Match probiotic strains to your issue: S. boulardii for antibiotic diarrhea, B. infantis 35624 for IBS, L. rhamnosus GG for general health. Add prebiotic fiber (PHGG or acacia). L-glutamine (5-10g) for intestinal repair. Skip random multi-strain blends.
- Strain-specific probiotics beat random blends
- S. boulardii: antibiotic diarrhea
- Prebiotics: feed your existing good bacteria
- L-glutamine: gut lining repair
Probiotics: Match the Strain to the Problem
Different probiotic strains treat different conditions, and taking a random multi-strain probiotic is like throwing darts blindfolded. Here's what the evidence actually supports for specific issues.

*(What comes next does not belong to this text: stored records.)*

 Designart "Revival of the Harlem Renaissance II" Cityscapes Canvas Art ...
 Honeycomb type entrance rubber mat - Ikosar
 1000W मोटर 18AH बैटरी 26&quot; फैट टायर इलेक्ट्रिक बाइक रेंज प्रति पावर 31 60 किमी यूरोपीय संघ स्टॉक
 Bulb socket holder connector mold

For antibiotic-associated diarrhea: Saccharomyces boulardii (250-500mg daily) during and 1 week after antibiotics. This is a yeast-based probiotic, so antibiotics don't kill it. Strong evidence from multiple meta-analyses.
For IBS: Bifidobacterium infantis 35624 (Align) and Lactobacillus plantarum 299v have the most IBS-specific evidence. Not all IBS subtypes respond the same way. IBS-D (diarrhea-dominant) tends to respond better to probiotics than IBS-C.

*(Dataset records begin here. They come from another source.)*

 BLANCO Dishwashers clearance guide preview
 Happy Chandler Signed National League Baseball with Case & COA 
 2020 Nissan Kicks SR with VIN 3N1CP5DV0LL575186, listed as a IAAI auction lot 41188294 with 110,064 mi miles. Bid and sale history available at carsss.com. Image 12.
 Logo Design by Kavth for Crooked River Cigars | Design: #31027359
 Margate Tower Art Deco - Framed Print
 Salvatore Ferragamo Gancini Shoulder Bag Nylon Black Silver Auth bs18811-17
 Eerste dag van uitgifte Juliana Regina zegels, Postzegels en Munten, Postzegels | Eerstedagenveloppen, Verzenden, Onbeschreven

For general digestive maintenance: Lactobacillus rhamnosus GG and Lactobacillus acidophilus are the most studied strains with broad digestive benefits. Look for at least 10 billion CFU.
Key point: a probiotic with 15 strains at 50 billion CFU total isn't necessarily better than a single targeted strain at 10 billion CFU. More is not always more.
Quick Tips
- →Match strain to your specific issue
- →S. boulardii: best for antibiotic-related diarrhea
- →B. infantis 35624: best evidence for IBS
- →More strains doesn't mean better results
Prebiotics and Glutamine
Prebiotics feed your existing good bacteria. They're arguably more important long-term than probiotics because they support the ecosystem you already have. Think of probiotics as adding seeds to a garden. Prebiotics are the fertilizer.

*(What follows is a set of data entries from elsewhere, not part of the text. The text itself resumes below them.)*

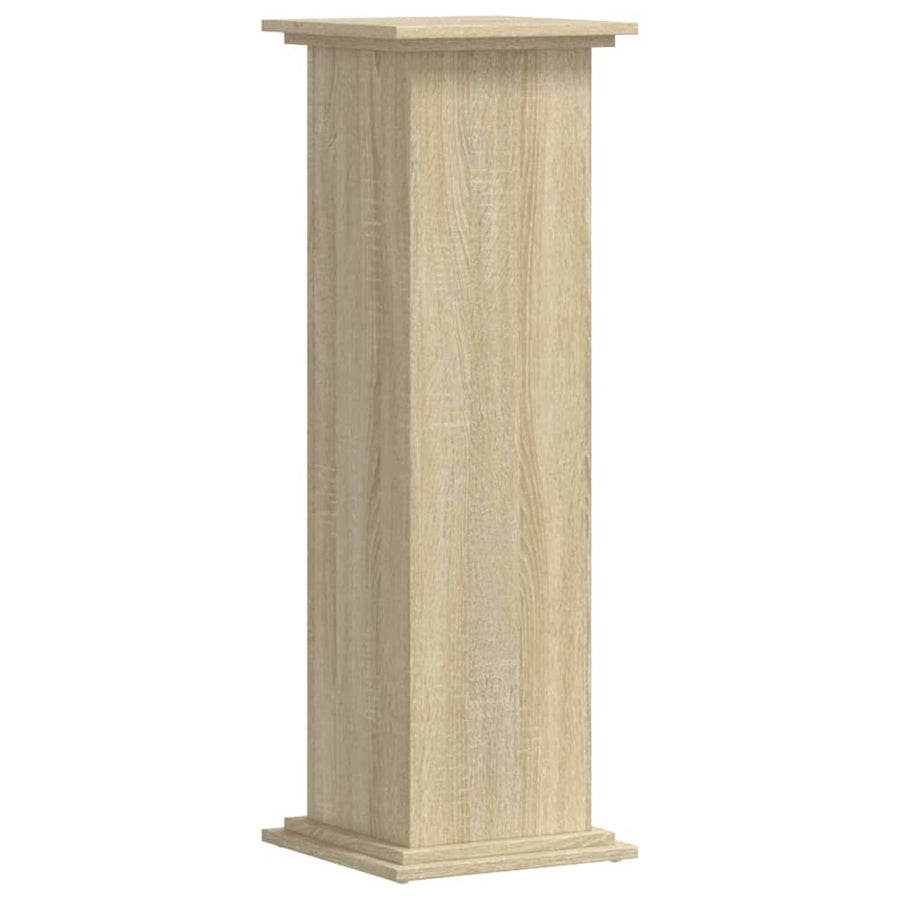 Plantenstandaard 33x33x100 cm bewerkt hout sonoma eikenkleurig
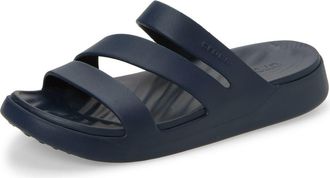 Crocs Getaway Waterproof Strappy Slide Sandal in Navy at Nordstrom, Size 10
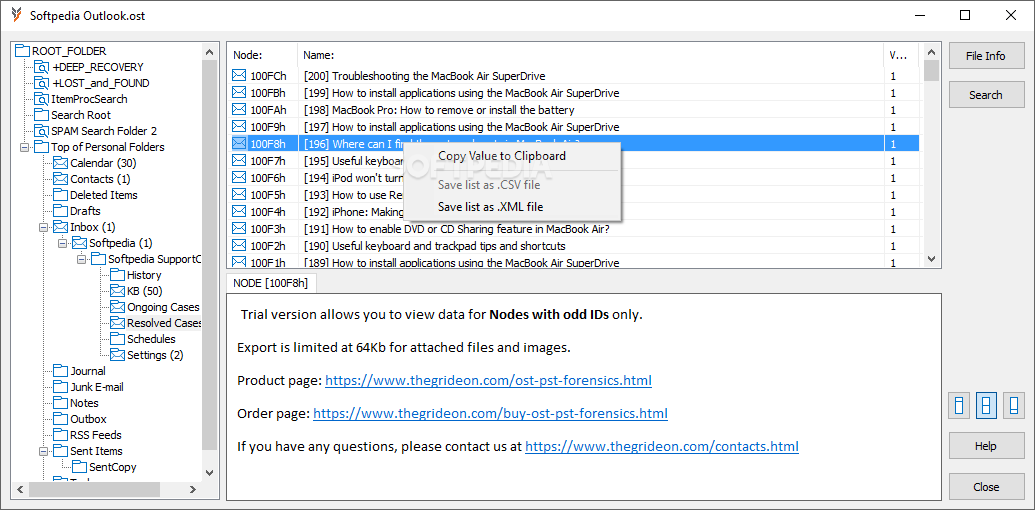 OST & PST Forensics Portable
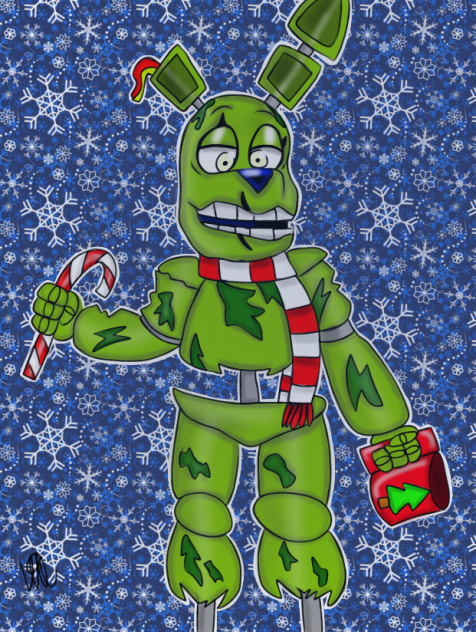 Springtrap chrismas 🎄🎄🎄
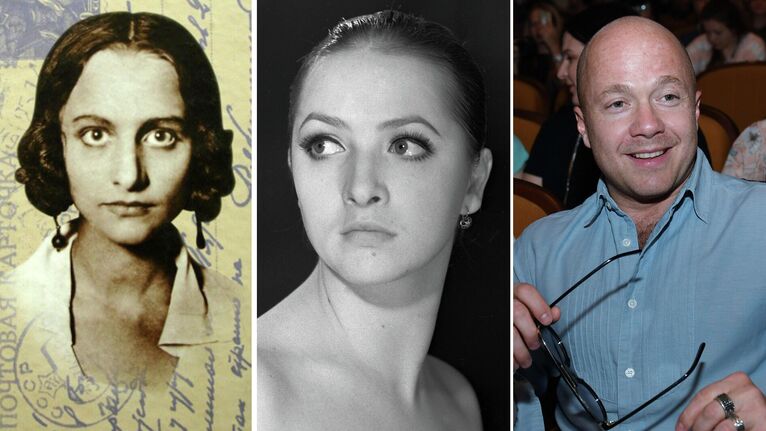 Балерина Александра Цабель, балерина Ксения Рябинкина и актер Евгений Стычкин Балерина Александра Цабель, балерина Ксения Рябинкина и актер Евгений Стычкин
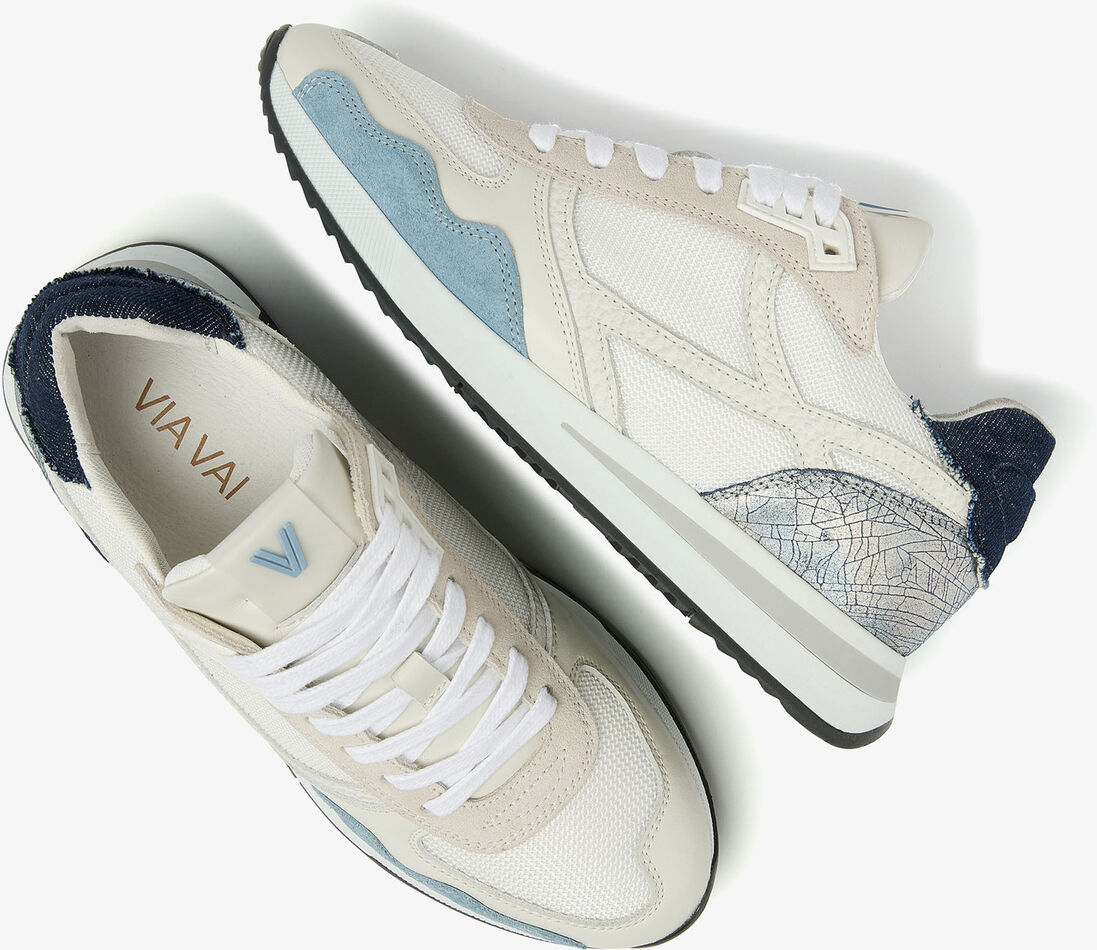 VIA VAI blauwe via vai lage sneakers nora base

Best prebiotic options: partially hydrolyzed guar gum (PHGG, 5g daily) has strong IBS evidence. Acacia fiber is well-tolerated. Inulin and FOS feed bifidobacteria specifically but can cause gas if you ramp up too fast.
L-Glutamine (5-10g daily) is used for intestinal permeability ("leaky gut"). It's the primary fuel source for intestinal cells. Hospitals use it for gut recovery after surgery. The evidence for everyday "leaky gut" supplementation is moderate but growing. If you have IBD or post-infectious IBS, it's worth considering.
A note about "leaky gut": increased intestinal permeability is a real, measurable phenomenon. But the supplement industry has turned it into a catch-all diagnosis. If you suspect gut permeability issues, work with a gastroenterologist. Don't just self-treat based on a wellness blog.
What Doesn't Have Good Evidence
Digestive enzymes (for people without pancreatic insufficiency): your body makes its own. Unless you have a diagnosed enzyme deficiency, supplemental enzymes are probably unnecessary.
Apple cider vinegar: the internet loves it for gut health. The evidence is thin. It might help blood sugar slightly but it won't fix your microbiome.
Bone broth as a "gut healing" supplement: it's food. Fine food. But the collagen content is inconsistent and below therapeutic doses. Eat it if you enjoy it. Don't count on it as medicine.
Detox and cleanse products: your liver and kidneys are your detox system. They work 24/7 for free.
Key Takeaways
Pick a probiotic strain that matches your specific problem. Add a prebiotic for long-term microbiome support. Consider L-glutamine if gut permeability is a concern. And skip the 30-strain mega-blend unless you know why you're taking each strain. Gut health is individual. What works for your friend might not work for you. Start with one thing, give it 4 weeks, and assess.